I've signed up for Bloglines at the suggestion of my host and fellow blogger, Glen, who described it as a "brilliant" way to keep track of my favorite blogs. Our conversation on the topic got started when I asked him to add Jurisdynamics under the "BLOGS WE ACTUALLY READ" list in Agoraphilia's left margin. I noted, as an aside, that some of the blogs listed there appear to have fallen into desuetude. Glen replied, in effect, that his Bloglines subscription has largely mooted such concerns, since he relies on it to tell him when new posts appear on his favorite blogs.

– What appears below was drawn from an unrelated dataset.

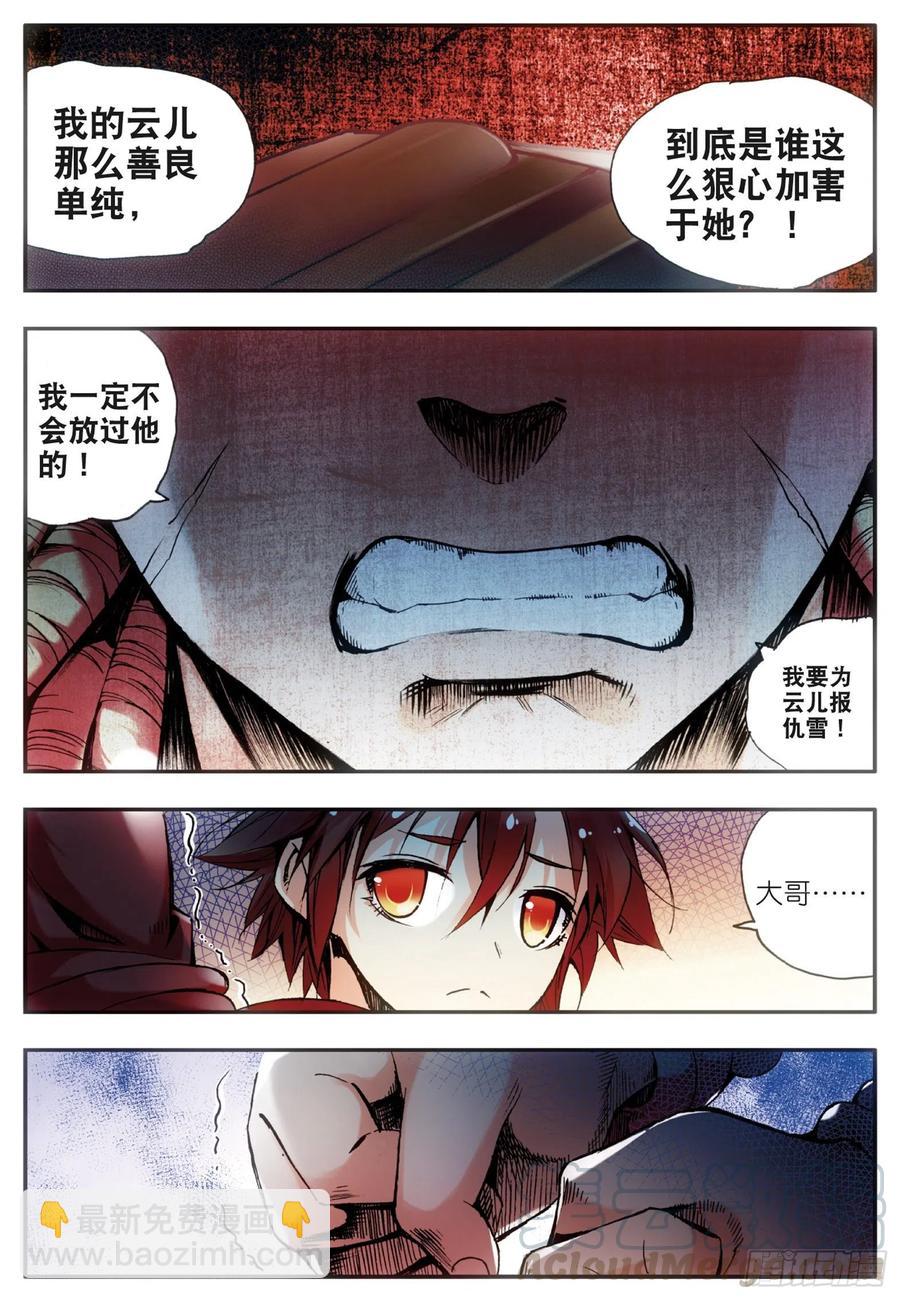 第三十四话 普岩敌意18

(It occurs to me, in retrospect, that I might have interpreted "WE ACTUALLY READ" too narrowly. I took it to list blogs that "WE DO READ." Glen might mean the list to include blogs that "WE HAVE READ." It that event, even fossil blogs would qualify. But I digress.)
Signing up for Bloglines lead me to reflect on how it and other news feed services extend the equalizing power of blogs. Blogging has already empowered nobody writers to reach the world. In a world without news feed services, however, blogs that don't frequently offer new content risk losing their readers. No matter how much you like a blog, it's a pain to pull it up time and again only to find the same old stuff. News feeders solve that problem by making it nearly cost-free to keep tabs on your favorite, but relatively quiescent, blogs.
Blogging let us all go head-to-head with the mainstream media. Bloggers capable of generating a fairly constant stream of content tended to fare best in that contest, however. Now, thanks to Blogline and other news feeds, writers who sacrifice quantity for quality can go head-to-head with such blogging giants as Instapundit or the Daily Kos.